Paying money for hajj rituals by proxy illegal, scholar claims

Muslim pilgrims cast stones at pillars symbolizing Satan, during the annual hajj pilgrimage on the first day of Eid al-Adha in Mina, near the holy city of Makkah, October 4, 2014. (Reuters)

Several brokers are exploiting the ignorance of some pilgrims on the correct methods of performing the Haj pilgrimage to make money. These brokers, mostly expatriates working individually or for some Hhajj campaigns, convince some domestic pilgrims wanting to complete their hajj rites quickly, that they could do the rite of throwing pebbles at Jamarat (wall representing Satan) for a fee.

They also have them agree to do the Tawaf al-Ifadha (circumambulation of the Holy Kaaba) on their behalf against a certain amount of money.

Hassan, a 35-year-old Yemeni expatriate, said he is hunting for women and old men to convince them that he could throw the pebbles at the Jamarat on their behalf.

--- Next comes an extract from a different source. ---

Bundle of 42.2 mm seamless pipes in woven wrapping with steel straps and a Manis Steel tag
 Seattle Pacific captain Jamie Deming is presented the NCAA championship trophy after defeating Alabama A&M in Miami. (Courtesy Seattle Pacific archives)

“During the first three days of the Haj, I can easily make between [$2,700-$3,700] for this work,” he said.

Hassan said he starts his work by collecting a large amount of pebbles from Muzdalifah to sell to the pilgrims.

“I then offer them my proxy service to do the throwing of stones at the Jamarat for them. Some of them readily agree and pay me my fees in advance,” Hassan said.

He said in the past he used to do this work free of charge but with the rising cost of living he started charging money.

Yahya, another Yemeni expatriate, said he has made it a habit to come to the Holy Sites every year during the hajj to offer his proxy services to interested pilgrims.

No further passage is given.